Digo "europeos" porque, aceptando que a los ojos de los intelectuales occidentales esto es culpa de George W. Bush, existen diferencias significativas entre la relación de Europa y de América con el islam. Fue el difunto ayatoláh Jomeini el que popularizó la idea de que Estados Unidos es el Gran Satán – una abreviatura inteligente de eso es que no reconoce simplemente que la hiperpotencia es malvada, sino que es también una gran seductora. Y cuando uno compara el enorme número de jihadistas británicos, europeos y canadienses que se han presentado oficialmente en Afganistán, Pakistán, la India, Irak, Israel, Bosnia, Chechenia y más allá, con la cifra relativamente insignificante de musulmanes americanos enrolados así, uno empieza a apreciar que el Gran Satán es en realidad un seductor relativamente eficaz – al menos en lo que se refiere a la idea de que América está haciendo aparentemente un mejor trabajo de asimilar a los musulmanes que Europa o Canadá. Por supuesto, para asimilarte tienes que tener algo en lo que asimilarte, y la soporífera nulidad del ideal europeo parece ser un poquito deficiente a ese respecto.

Pero también hay otra diferencia, y es lo que quiero decir por israelificación: los jihadistas entienden que Europa está abierta a cualquiera de un modo en que América no. La Palestina del Mandato era, en una broma irónica, la tierra doblemente prometida – por lo tanto, una democracia occidental y una población musulmana marginal existen en dos soledades (la mayor parte) pero reclaman la misma propiedad inmobiliaria.

Como sucede, así es como más y más musulmanes ven a Europa. Y mientras sus cifras crecen, parece probable que los taimados líderes islámicos de Oriente Medio abracen la causa de los derechos de los musulmanes europeos del mismo modo que exigen solidaridad con los palestinos.

Cuando Francia comenzó a contemplar su prohibición del pañuelo en la cabeza en las escuelas, despachó a ministros del gobierno a buscar el consejo de los imanes egipcios, aceptando implícitamente la opinión de los académicos islámicos de que la Quinta República es hoy una provincia periférica de dar al-Islam. Como puede dar fe la Entidad Sionista, eso no es un club en el que quieras inscribirte necesariamente.

Pocos líderes europeos tienen la más remota idea de qué hacer con esto, pero, como todo subraya, la ley del pañuelo francesa, y la propuesta de ley británica de Incitación al Odio Racial, y las respuestas holandesas al asesinato de Theo van Gogh, la mediación entre lo que Tony Blair llamó el jueves nuestro estilo de vida y los valores musulmanes se ha convertido ya en una dinámica capital de la cultura política europea – un logro notable para una minoría de la que pocos europeos eran más que vagamente conscientes pre-11 de Septiembre.

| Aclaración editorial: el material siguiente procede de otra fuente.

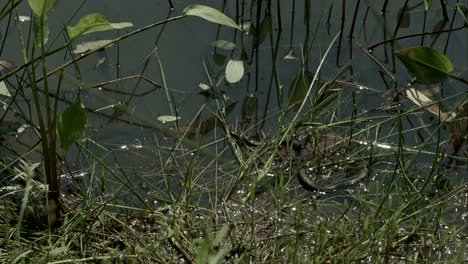 freeze grass snake, natrix on pond with duckweed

Mientras tanto, a través de las fronteras no entran en masa terroristas suicida, o maletines nucleares, aunque entrarán al final, sino ideología – feroz, seductora e implacable.

Esa es la ironía final de la israelificación de Europa: tan lamentable como pueda ser para los antisemitas continentales, en este escenario, ellos son los judíos.